Friday, February 09, 2007

CMU Intelligence Seminar: Adaptation, Inference, and Optimization: Speech Driven Machine Learning

Adaptation, Inference, and Optimization: Speech Driven Machine Learning
Jeff Bilmes
University of Washington

Speech applications (such as speech recognition) have a long history of utilizing statistical learning methodology. In this talk, we will describe how machine learning research can be motivated by the application of speech processing, including speech recognition and speech-based human-computer interaction. First, dynamic graphical models (e.g., DBNs, and CRFS) can be used to express many novel speech recognition procedures. We describe new methods to perform fast exact and approximate inference in such models. These methods involve, as expected, graph triangulation, conditioning, and search, but perhaps more surprisingly, also involve optimal bin packing, max-flow procedures, and submodular matchings. In the second part of the talk, we will describe a new speech application, the Vocal Joystick, for specifying multi-dimensional continuous control parameters using non-verbal vocalizations. This application has resulted in sample complexity bounds for model adaptation, and adaptation strategies for discriminative classifiers (SVMs and Neural Networks).

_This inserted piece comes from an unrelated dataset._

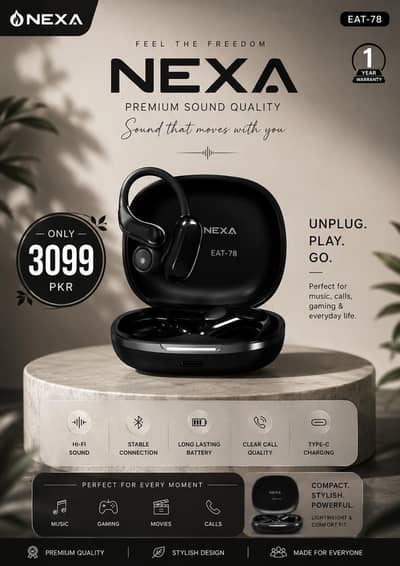 NEXA 78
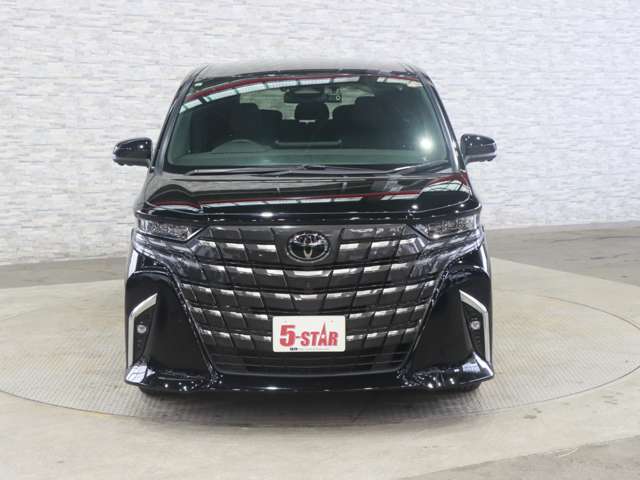 トヨタ アルファード　ハイブリッド ハイブリッド ２．５ Ｚ R5年 (関東) 99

Speaker Bio.: Jeff A. Bilmes is an Associate Professor in the Department of Electrical Engineering at the University of Washington, Seattle (adjunct in Linguistics and in Computer Science and Engineering). He co-founded the Signal, Speech, and Language Interpretation Laboratory at the University. He received a masters degree from MIT, and a Ph.D. in Computer Science at the University of California, Berkeley. Jeff is the main author and designer of the graphical model toolkit (GMTK), and has done much research on both structure learning of and fast probabilistic inference in dynamic Graphical models. His main research lies in statistical graphical models, speech, language and time series, machine learning, human-computer interaction, combinatorial optimization, and high-performance computing. He was a general co-chair for IEEE ASRU 2003, and HLT/NAACL 2006. He is a member of the IEEE, ACM, and ACL, is a 2001 CRA Digital-Government Research Fellow, and is a 2001 recipient of the NSF CAREER award.